Remembering those who have given up their lives for others during conflict is a key part of any culture, and especially during the month of November more emphasis is placed on paying respects to those from around the world who offer to fight for their country. Parades are held all across the UK, schools and workplaces often hold a minute of silence on the 11th to mark the end of the First World War, and of course there are those who volunteer to raise money to provide support for veterans and those who have lost family during war. One of these parades was held in Ashford, Surrey, this month, with members of the local community joining together for remembrance.


The parade, like most others, is normally held annually on the Sunday after the 11th of November, which this year fell on the 14th. Although COVID precautions meant that the in-person event couldn't take place last year, this year it was able to go on as normal. Those who came to watch were encouraged to social distance and wear face coverings, and the ceremony itself was cut from 1 hour to 40 minutes, but other than these changes everything was able to go ahead as normal.


Like most years the parade was started with a march by all those involved. The normal route of marching around the high-street had to be cut due to time constraints and restrictions, so the procession instead walked a shorter distance from the end of the high-street to the nearby war memorial. Once there, a brief ceremony was held consisting of music and a poem reading by a representative from Ashford Wide, the local organisation responsible for planning the event. This was followed by a 2-minute silence, after which the involved flag bearers from the British Legion lowered their flags for the Last Post.

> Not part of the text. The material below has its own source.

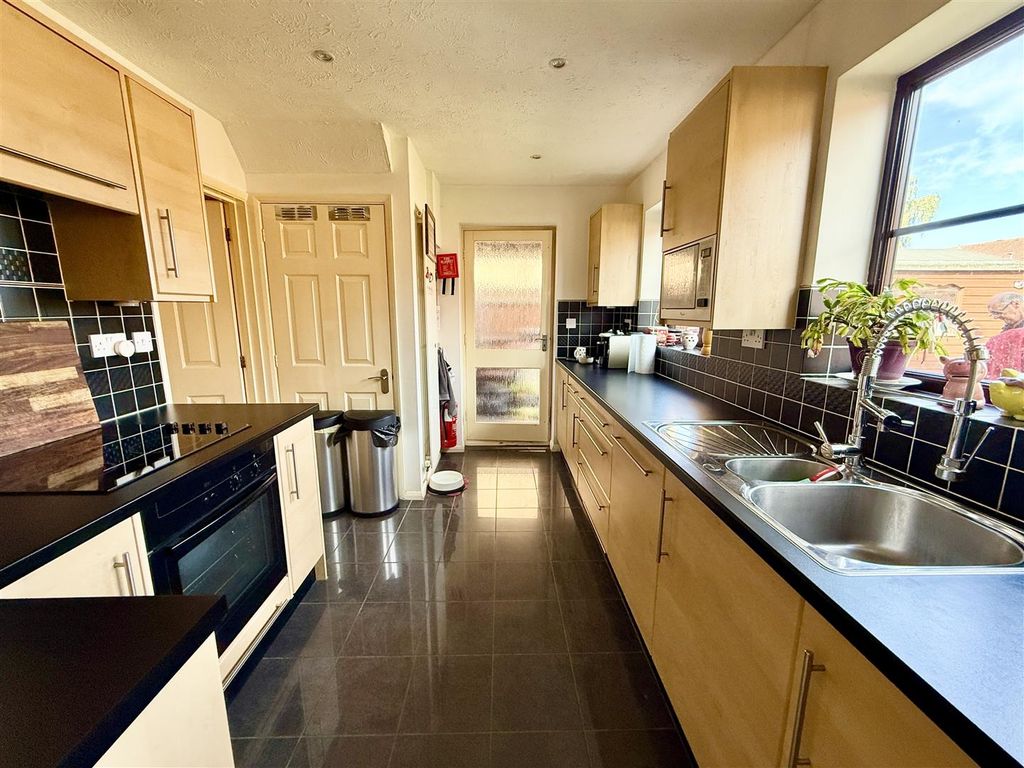 Property photo 2 of 18 Kitchen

Once the members had raised their flags once again, the ceremony for wreath laying began. One by one each member of the parade who had volunteered to lay a wreath stepped forward to place it around the base of the war memorial before stepping back into line. More than 15 wreathes were laid during the event, with members from different local communities taking part. These included members of Surrey County Council, cabinet members for Education and Learning, representatives from the Royal British Legion and Armed Forces, members of the Women's Institute and Ashford Wide groups and the Surrey Police Commissioner.


There was also a large amount of young people involved in the parade, such as police cadets, Girl Guides and Scouts. As a member of the local Rangers unit, I was chosen to represent 7th Ashford Guiding along with a Rainbow, a Brownie and a Guide. I was responsible for laying down our wreath as well as making sure our group was organised with each other when walking and that everyone knew what they were doing. Our part of the parade went well and to my surprise the Rainbow was great at standing still when she needed to, despite only being 6 years old!


Some other members of each unit also took part, with one person being involved in the flag display and two more acting as escorts who stood to the side during the ceremony.


After each wreath has been laid and we held another two minutes silence, the parade turned around to walk back up the high-street. Everyone was calm and collected when marching and most managed to walk in time together, which created a very neat and organised display. Each of the Girl Guiding representatives involved was awarded with a poppy badge, to act as a thank you for our participation. Once the crowds had dispersed, we were allowed to go back home to end what had certainly been a memorable morning.


Overall, the parade was a great display on the power of local communities. The last two years have caused many people to drift apart, so it was amazing to see the large group of people who were willing to come together for such an important cause. To be given the chance to participate in the event, one that I haven't been able to be a part of since 2015 when I left my Brownie unit, was a fantastic opportunity and I was delighted to be involved.